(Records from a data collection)
--------------------------------

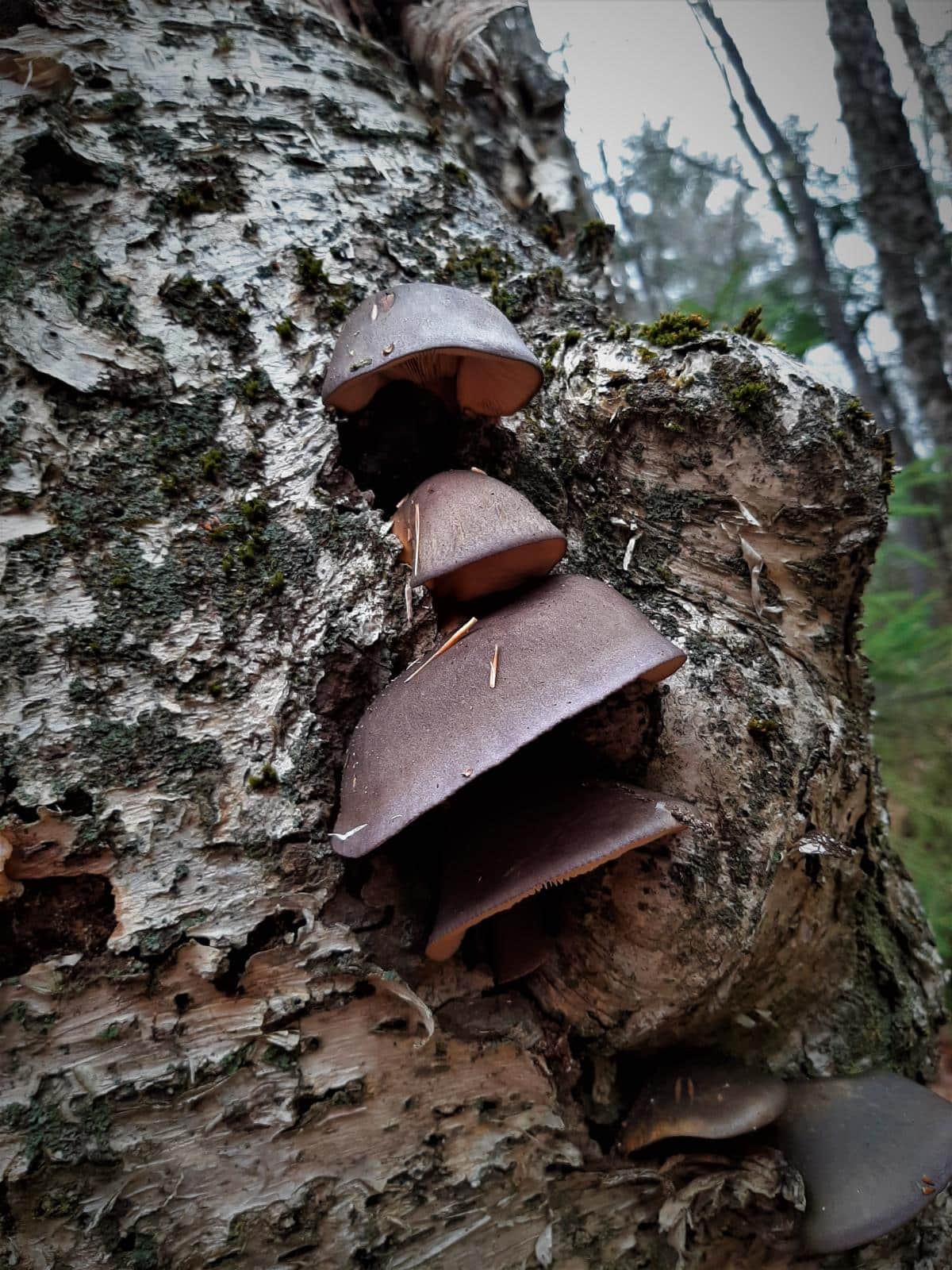 Late Fall Oyster: Identification, Foraging, and Preparation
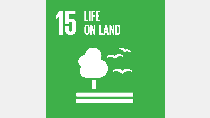 SDG 15: Life on land SDG 15: Life on land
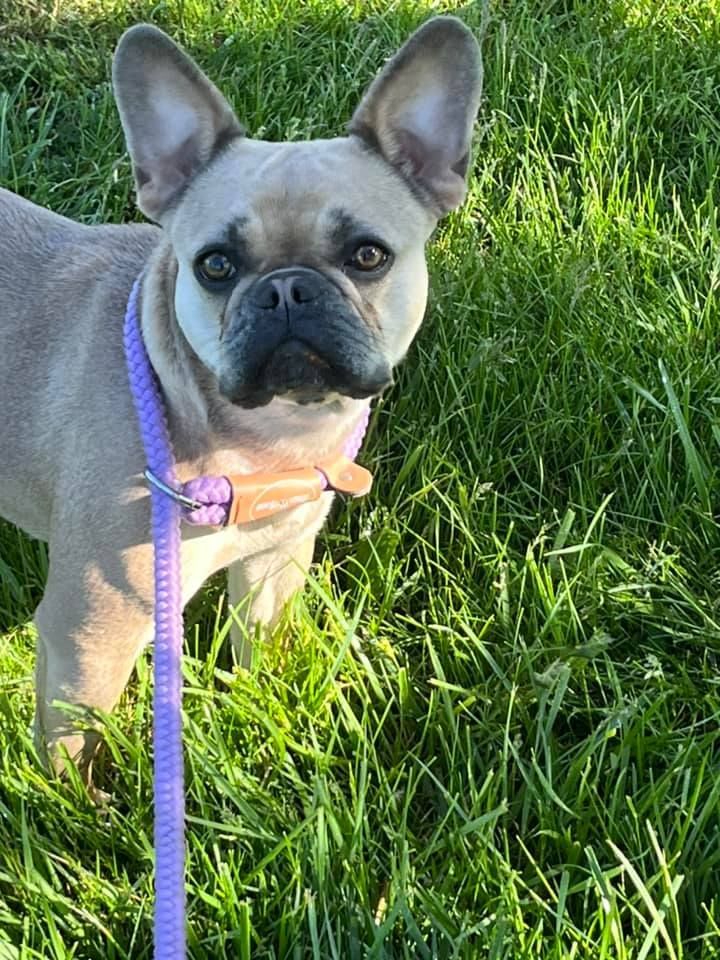 a french bulldog wearing a purple leash is standing in the grass .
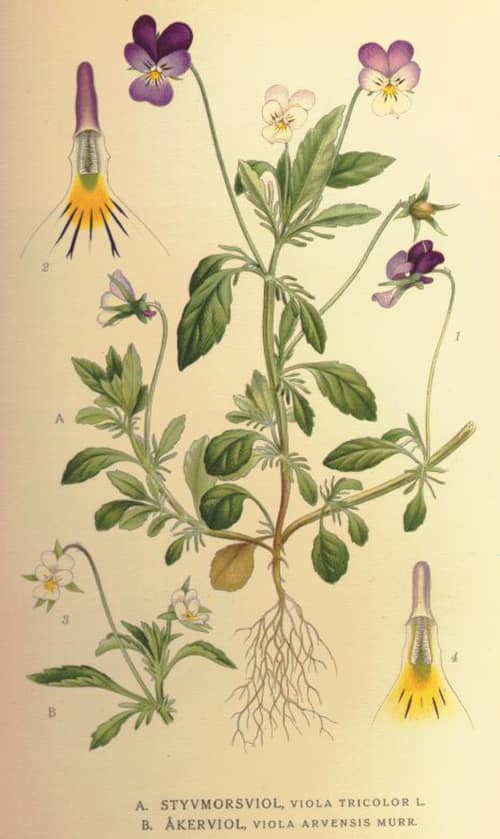Wild Pansy reference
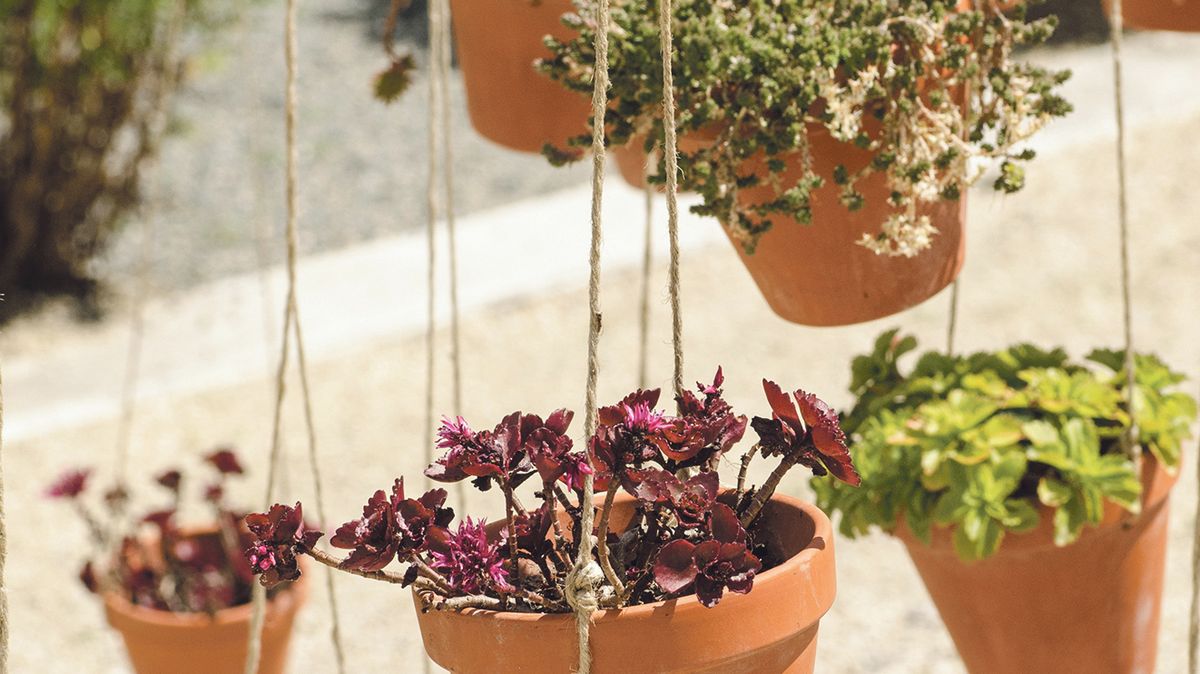 Inspirujte se hravými nápady z květináčů: panáček, kaskáda i hmyzí hotel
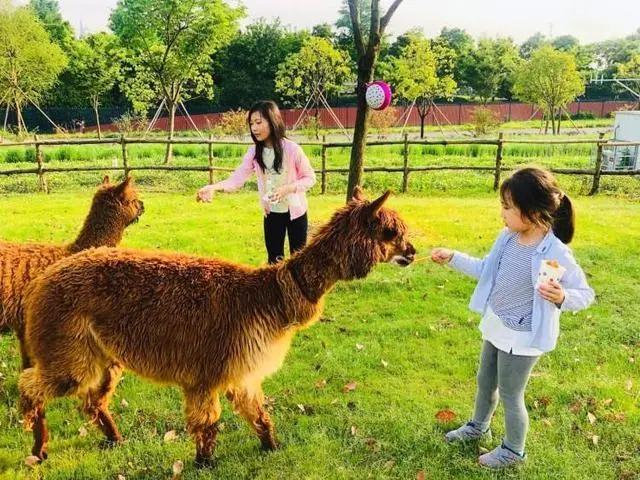 上海最大薰衣草公园,上海薰衣草公园迪士尼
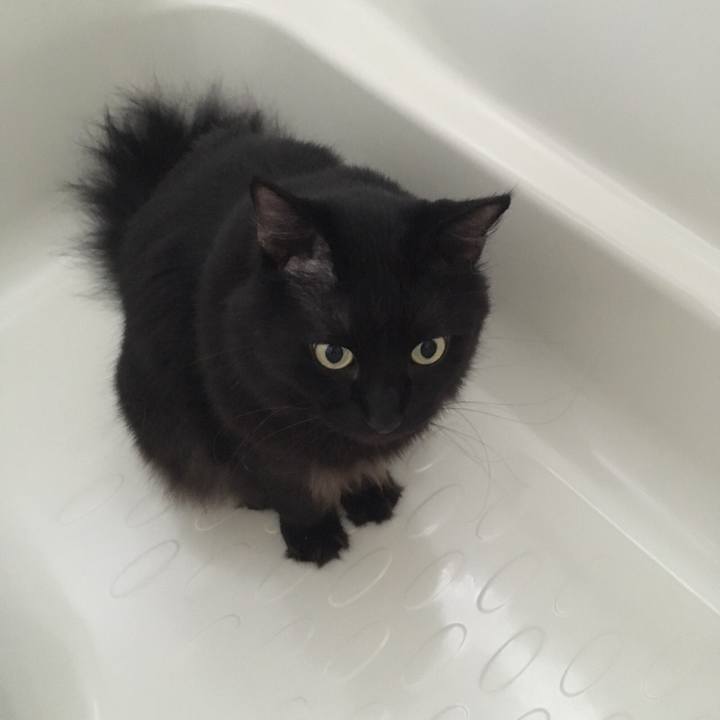 8df79ac9 81ca 49bb bb4d 19fe634e1383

--------------------------------

• _Problem details_
Print the entries as they stand, first line through the line holding "上海最大薰衣草公园,上海薰衣草公园迪士尼", with every picture removed.

• _Task output_
 Late Fall Oyster: Identification, Foraging, and Preparation
 SDG 15: Life on land SDG 15: Life on land
 a french bulldog wearing a purple leash is standing in the grass .
Wild Pansy reference
 Inspirujte se hravými nápady z květináčů: panáček, kaskáda i hmyzí hotel
 上海最大薰衣草公园,上海薰衣草公园迪士尼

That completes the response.